Mann, a hawkish external member of the Monetary Policy Committee, said she had voted hold in the body’s last two meetings because she is concerned about persistent inflation and weaker economic growth in the UK.

A key factor behind rising prices are lifting wages, particularly in the dominant service sector, she said in a speech to central bankers in Vilnius, Lithuania.

Services inflation rose by 5.2% in the year to July, down from 5.7% in June, according to Office for National Statistics data — but the MPC have been clear that they want to see that figure fall below 5%.

Mann voted to hold when the MPC cut its rate from a 16-year high by 0.25% to 5% in August. Its first reduction in four years.  

And she also voted to hold again yesterday along with the majority of the nine-member body.

Mann said: “If I had voted to hike in the meeting just past only to cut sometime soon hence, this would be the ‘boogie-dance’ with policy rates.”

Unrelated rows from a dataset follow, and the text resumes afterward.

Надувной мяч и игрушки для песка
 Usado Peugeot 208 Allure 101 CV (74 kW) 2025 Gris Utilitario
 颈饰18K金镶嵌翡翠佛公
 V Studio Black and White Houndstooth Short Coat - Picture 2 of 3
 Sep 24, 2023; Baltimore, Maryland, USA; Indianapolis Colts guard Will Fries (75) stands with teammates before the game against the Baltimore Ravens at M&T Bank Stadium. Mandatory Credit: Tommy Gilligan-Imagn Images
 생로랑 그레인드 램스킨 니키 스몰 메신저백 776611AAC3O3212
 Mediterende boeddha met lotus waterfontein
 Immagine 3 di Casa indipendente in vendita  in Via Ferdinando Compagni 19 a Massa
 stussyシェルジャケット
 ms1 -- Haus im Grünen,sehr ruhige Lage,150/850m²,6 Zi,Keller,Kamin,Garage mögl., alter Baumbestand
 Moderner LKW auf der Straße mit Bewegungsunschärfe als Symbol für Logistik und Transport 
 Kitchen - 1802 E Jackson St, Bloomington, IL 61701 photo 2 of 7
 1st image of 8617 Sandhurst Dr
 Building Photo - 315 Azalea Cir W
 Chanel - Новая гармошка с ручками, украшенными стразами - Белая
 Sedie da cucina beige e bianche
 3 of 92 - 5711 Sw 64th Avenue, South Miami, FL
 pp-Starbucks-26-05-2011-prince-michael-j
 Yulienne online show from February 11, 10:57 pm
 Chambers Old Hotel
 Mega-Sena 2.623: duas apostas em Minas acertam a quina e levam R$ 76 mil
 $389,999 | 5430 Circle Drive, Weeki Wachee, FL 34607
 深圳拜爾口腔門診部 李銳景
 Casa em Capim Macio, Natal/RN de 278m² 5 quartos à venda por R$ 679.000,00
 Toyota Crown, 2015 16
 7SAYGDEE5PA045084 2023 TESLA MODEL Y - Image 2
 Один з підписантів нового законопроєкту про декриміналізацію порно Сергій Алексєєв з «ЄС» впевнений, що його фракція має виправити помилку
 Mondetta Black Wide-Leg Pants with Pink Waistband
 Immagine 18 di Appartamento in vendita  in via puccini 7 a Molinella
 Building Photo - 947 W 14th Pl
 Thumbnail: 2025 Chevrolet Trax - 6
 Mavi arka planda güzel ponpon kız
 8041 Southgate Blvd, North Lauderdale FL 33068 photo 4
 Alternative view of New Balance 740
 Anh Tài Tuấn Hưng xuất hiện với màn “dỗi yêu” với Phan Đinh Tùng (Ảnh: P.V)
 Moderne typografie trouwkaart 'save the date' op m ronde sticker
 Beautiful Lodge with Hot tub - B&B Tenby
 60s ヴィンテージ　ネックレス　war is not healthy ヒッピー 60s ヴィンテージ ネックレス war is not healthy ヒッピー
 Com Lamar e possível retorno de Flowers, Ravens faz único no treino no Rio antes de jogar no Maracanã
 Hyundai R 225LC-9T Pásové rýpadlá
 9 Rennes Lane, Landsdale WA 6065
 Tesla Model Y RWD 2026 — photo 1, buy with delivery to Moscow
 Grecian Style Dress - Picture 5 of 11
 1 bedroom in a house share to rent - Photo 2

She added that “structural behaviours in UK labour and product markets” have “systematically embedded inflation,” which would persist into the medium term.

Earlier this week, inflation came in at 2.2% in August, unchanged from July, just above the BoE’s 2% target.

Mann argued that rates policy “needs to remain restrictive for longer to purge these behaviours”, and avoid a back and forth of having to cut and then raise the base rate.

The decision by the MPC comes after UK gross domestic product flatlined in July, when economists had expected 0.2% of growth.

And as sterling has surged against the dollar since this week’s inflation report. This morning, one pound bought $1.329, up 1.2% from seven days ago.

Despite the Bank’s hold yesterday, central banks in the West have begun easing rates to stimulate economies as inflation eases.

The US Federal Reserve this week lowered interest rates for the first time since July 2023 with a bigger than usual cut of 0.5%, to a range of 4.75%-5%.

Fed chair Jerome Powell, said the “strong” move was needed as job market concerns grow even as price rises ease.

In June, the European Central Bank cut interest rates for the first time by 0.25% to 3.75% since September 2019 — beating the Bank of England and the US Federal Reserve to ease borrowing costs in its region.

Despite the hold from the MPC, money markets are fully pricing in a UK base rate cut at the committee’s November meeting, followed by a second in December.